Selain itu, kebijakan kedua, yakni BI menjaga kewajiban giro wajib minimum (GWM) dan penyangga likuiditas makroprudensial (PLM) bank umum syariah untuk mendorong peningkatan likuiditas perbankan syariah, masing-masing sebesar 7,5 persen dan 3,5 persen, lebih longgar dibandingkan kewajiban pada bank umum konvensional sebesar 9 persen dan 5 persen. Tak hanya itu, perbankan syariah juga turut memperoleh manfaat dari instrumen Kebijakan Insentif Likuiditas Makroprudensial (KLM).
Dalam rangka pengembangan ekonomi dan keuangan syariah, BI bekerja sama dengan pemangku kepentingan lainnya juga menyelenggarakan Bulan Pembiayaan Syariah 2025.

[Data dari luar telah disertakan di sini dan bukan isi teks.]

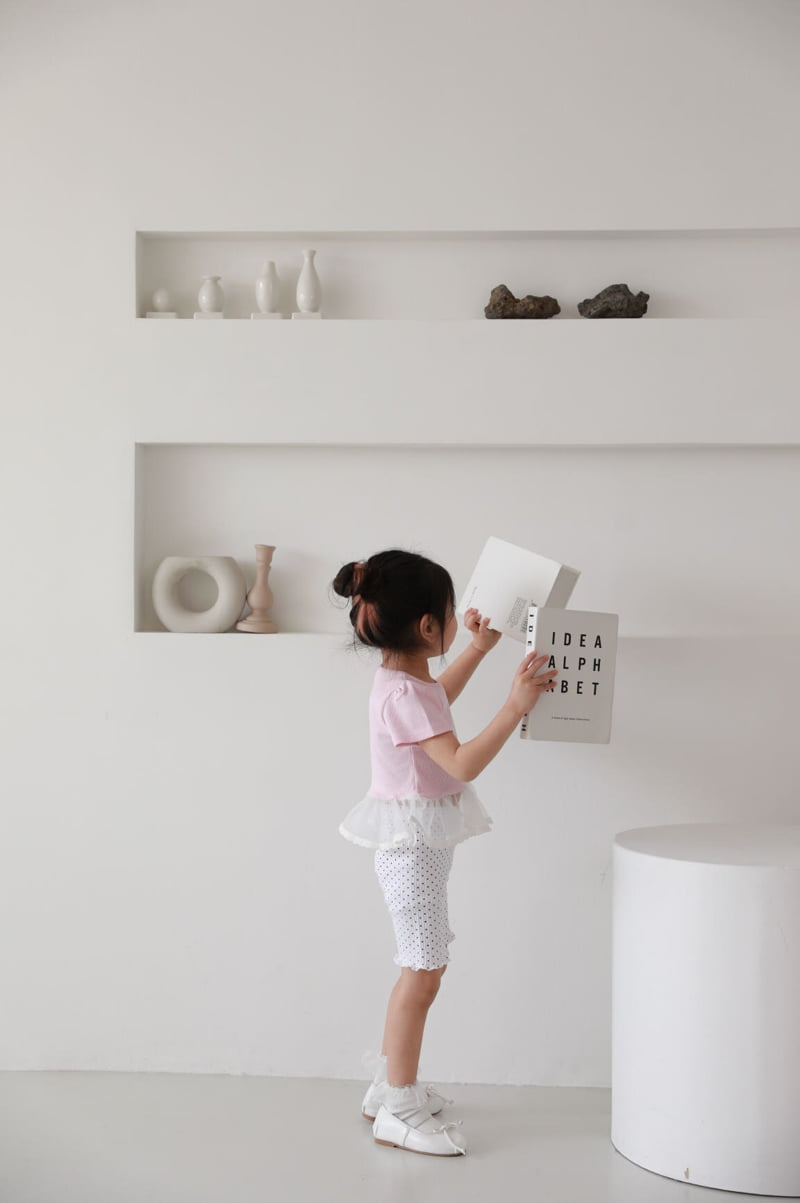 Color - Korean Children Fashion - #todddlerfashion - Dot Leggings - 8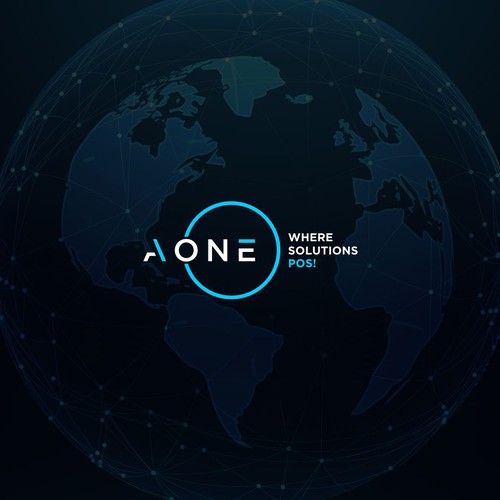 We need a creative technology identity for company and solutions . Design by R.A. Go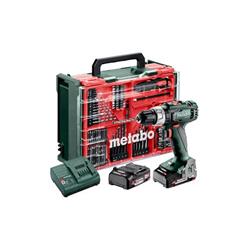 Metabo akumulátorová příklepová vrtačka SB 18 L Set (602317710)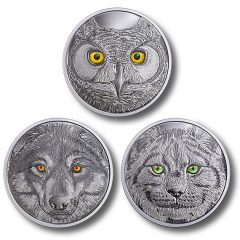 In The Eyes of Canada’s Wildlife coins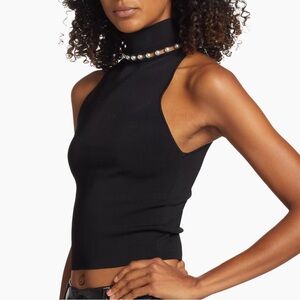 New Alice and Olivia Annalee mock turtleneck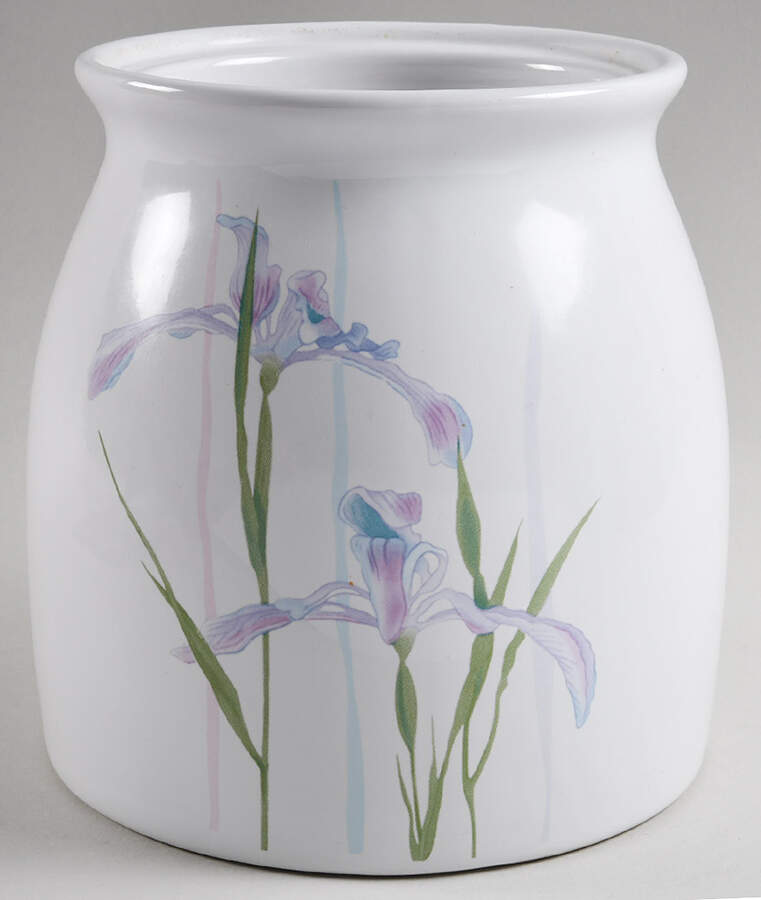 Shadow Iris (Corelle) Extra Large Canister No Lid by Corning Corelle-1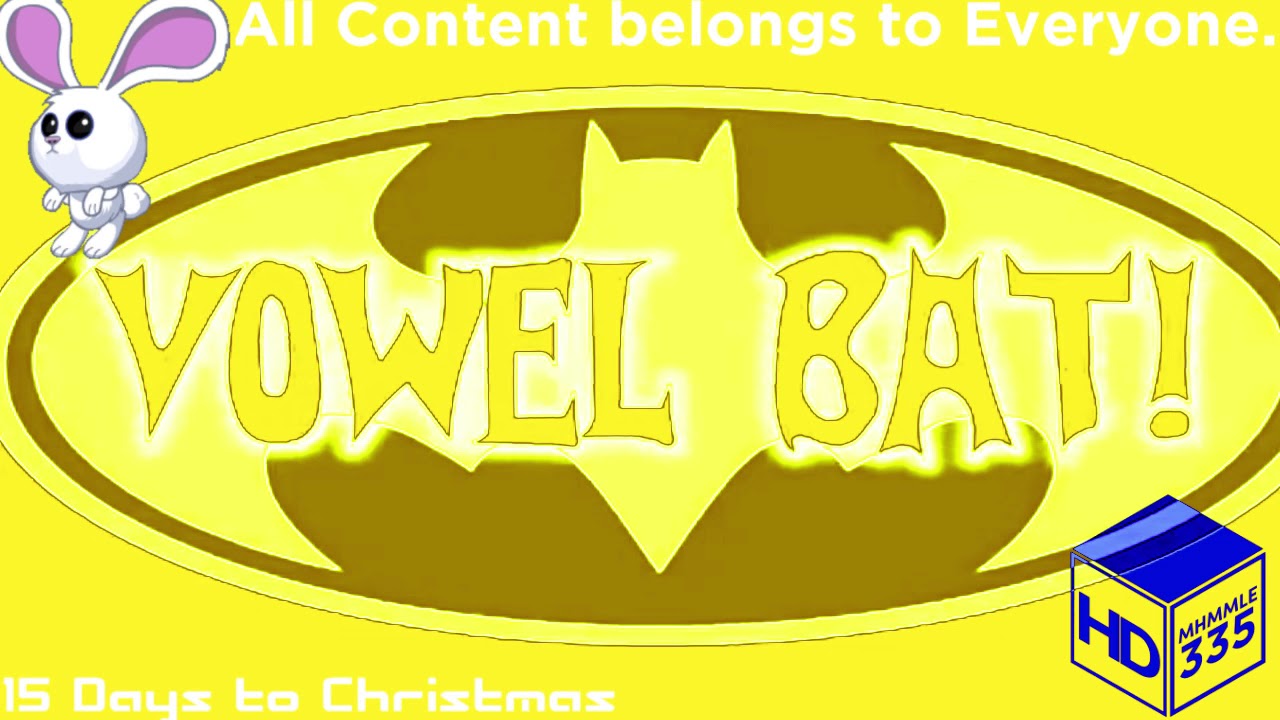(REQUESTED) Vowel Bat In YellowFlangedSawChorded YouTube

Kegiatan tersebut difokuskan untuk mendorong skema pembiayaan syariah inovatif integrasi komersial-sosial berbasis wakaf, seperti cash waqf linked deposit (CWLD) dan/atau pembiayaan perumahan di atas tanah wakaf untuk masyarakat berpenghasilan rendah (MBR) dengan skema sukuk linked wakaf (SLW).
Rangkaian kegiatan Bulan Pembiayaan Syariah dimulai dari forum sinergi dan kolaborasi lintas K/L dan industri jasa keuangan syariah hingga penjualan produk halal bagi pelaku usaha syariah serta kesepakatan bisnis dan pembiayaan. Rangkaian kegiatan akan terus berlangsung hingga pelaksanaan 12th Indonesia Sharia Economic Festival (ISEF) pada Oktober 2025 mendatang.